Wal-Mart appears to have abandoned efforts to court more affluent shoppers, except for in electronics, David Schick, a retail analyst at Stifel Nicolaus, wrote in a recent note.
In fact, after trendier offerings haven't fared well, Wal-Mart has gone back to basics such as socks and underwear.
Some analysts who recently checked out Wal-Mart's back-to-school assortments believe that Wal-Mart has now gone too far in the other direction.
"You're seeing too many basics," said Brian Sozzi, analyst with Wall Street Strategies, citing jeans, backpacks, towels and even notebooks without any frills.

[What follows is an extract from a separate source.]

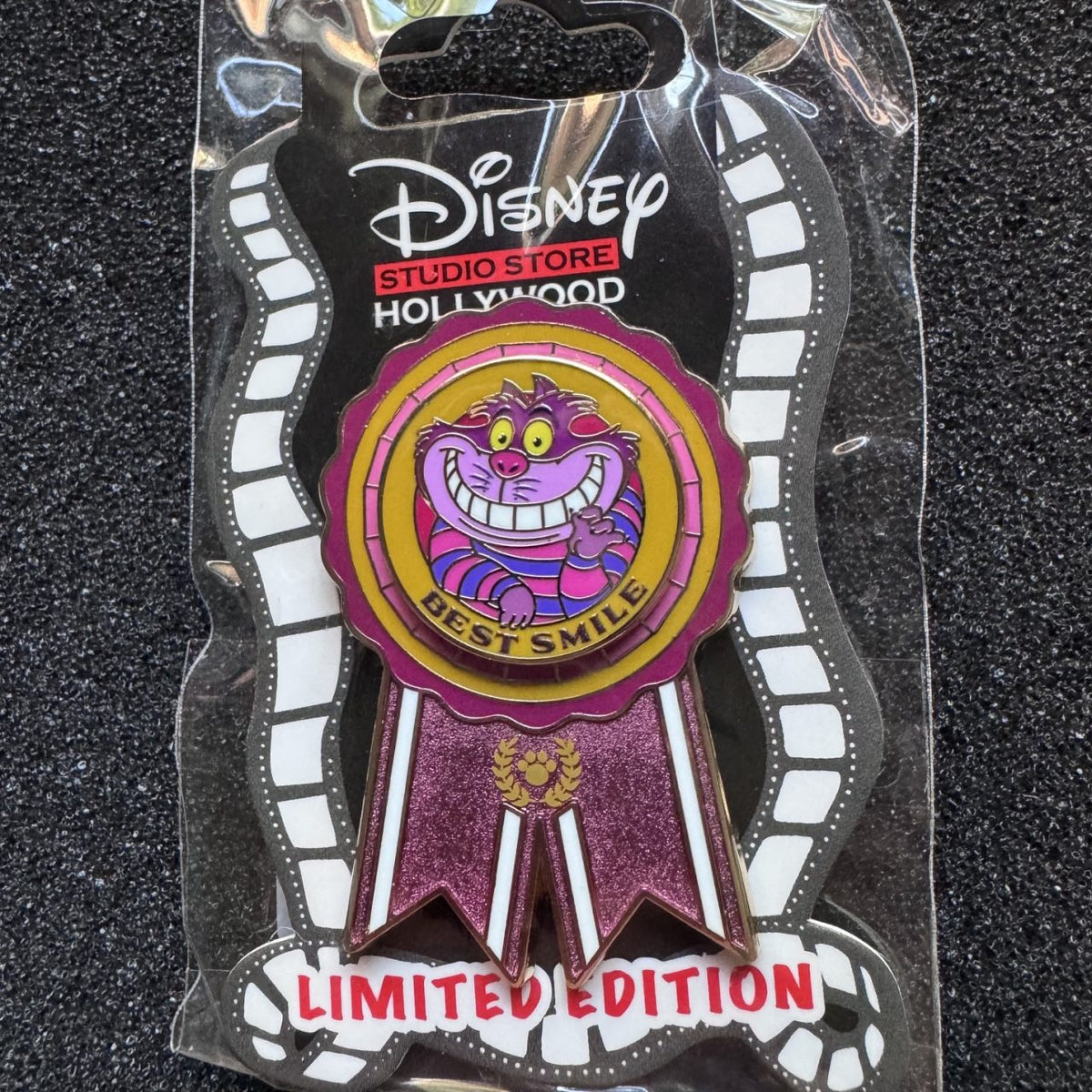 Cheshire Cat Best Smile Best in Show DSSH Pin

In addition, Wal-Mart has acknowledged that its campaign to declutter its stores went too far, leading shoppers to flee to other rivals such as Target Corp. for favorite brands. It has been scrambling to restock some products over the past year.
4. What's the effect of the series of management changes?
Bill Simon, formerly chief operating officer, took over Eduardo Castro-Wright's job as president and CEO of the company's U.S. operations in June. Castro-Wright will lead the retailer's e-commerce unit Global.com and its global sourcing division. He will remain vice chairman of the company.
Analysts will want to get a sense of Simon's approach to increasing customer counts and improving sales in the final months of the year.
They'll also want to know any details about a replacement for chief merchant John Fleming, who left Aug. 1 and played a big role in shaping what was on store shelves.